I've never had to deal with the termites that eat wood and don't have to go back into the ground. Drywood termites live along the southern US border and coast of CA. I live so far north it is rare to see anything but damp-wood termites.


----------



## Gustavas (Oct 4, 2014)

Free inspections are nice, but when you are looking at putting something on for preventive purposes just because the roof is going to be off, you might as well skip the inspection and just put an application of timbor on.

I would still imagine if you are worried about termites, that a trench and slab injection around the bace of your home is going top provide you with greater all around protection from termites.


----------



## darsunt (Dec 29, 2006)

We've had the inside spot-treated for termites, but the attic area is of course inaccessible (no attic access). In theory it would be nice to have the termite company go up there and spot treat the wood while the roof is removed - if there are termites up there.


----------



## joecaption (Nov 30, 2011)

Spot treating is flushing your money down the toilet.
Huge difference on how a home is treated according on what type termites your dealing with. 
Subterranian termites need to be treated at the base of the house.
Old house and Formosin Termites the whole house needs to be tented to kill them.
Need to be talking to a local exteminator not counting on advice from people that have never had to deal with the species in your area.


----------



## TruproServices (Apr 8, 2015)

Drywood termites are not common on the west coast. As others noted, you would be better doing a preventative subterranean termite treatment.


----------



## Oso954 (Jun 23, 2012)

TruproServices said:


> Drywood termites are not common on the west coast. As others noted, you would be better doing a preventative subterranean termite treatment.

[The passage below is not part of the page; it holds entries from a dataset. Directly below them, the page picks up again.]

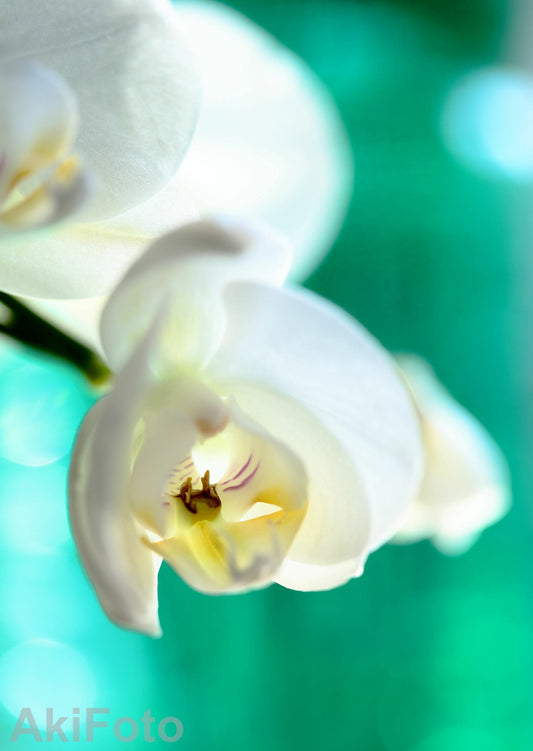 「ときめき色」-夢心地シリーズ-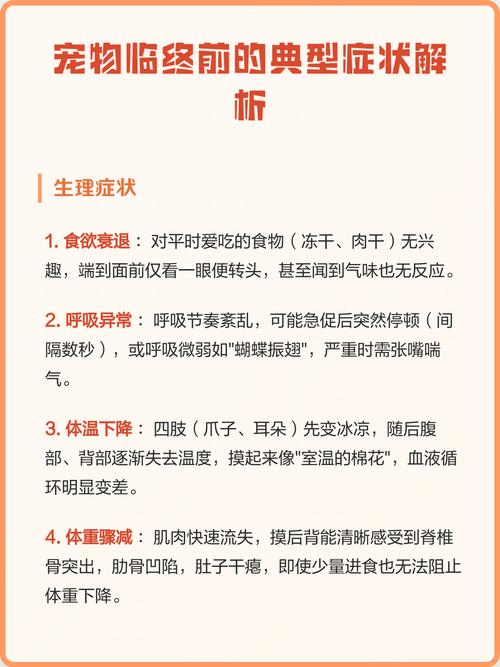 临终前会出现哪些具体症状？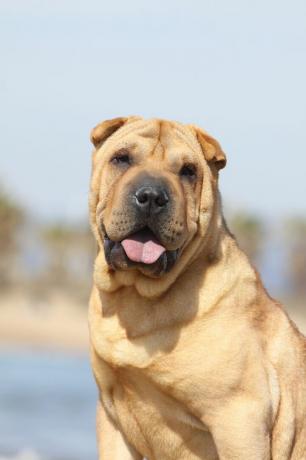 kineski shar-pei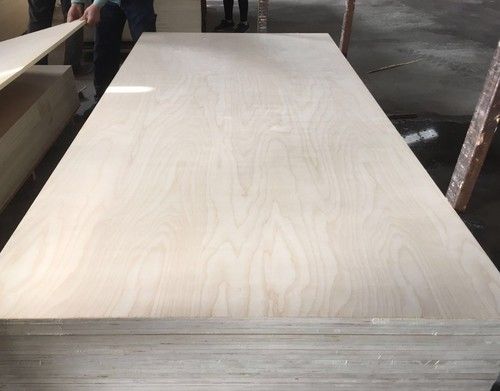 Ordinay Plywood (Thickness : 3.2-18mm)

Maybe you should read about the Western Drywood Termite. Some sources say it is responsible for more than half the termite damage in Calif.
Since we have at least 4 other species here that I am aware of, I would say that makes it fairly common,even though it is not found in all areas of the state.

Depending where the OP lives in SOCAL, it may be in his area. He should talk withe a local exterminator regarding the species common to his his area and inpection/treatment for them.


----------



## TruproServices (Apr 8, 2015)

Oso954 said:


> Maybe you should read about the Western Drywood Termite. Some sources say it is responsible for more than half the termite damage in Calif.
> Since we have at least 4 other species here that I am aware of, I would say that makes it fairly common,even though it is not found in all areas of the state.
> 
> Depending where the OP lives in SOCAL, it may be in his area. He should talk withe a local exterminator regarding the species common to his his area and inpection/treatment for them.


That's embarrassing. As you can see, I'm an east coast guy. I'm not sure what map I was looking at but you are clearly correct. With that said, I wouldn't hesitate to apply Timbor as a preventative measure.


----------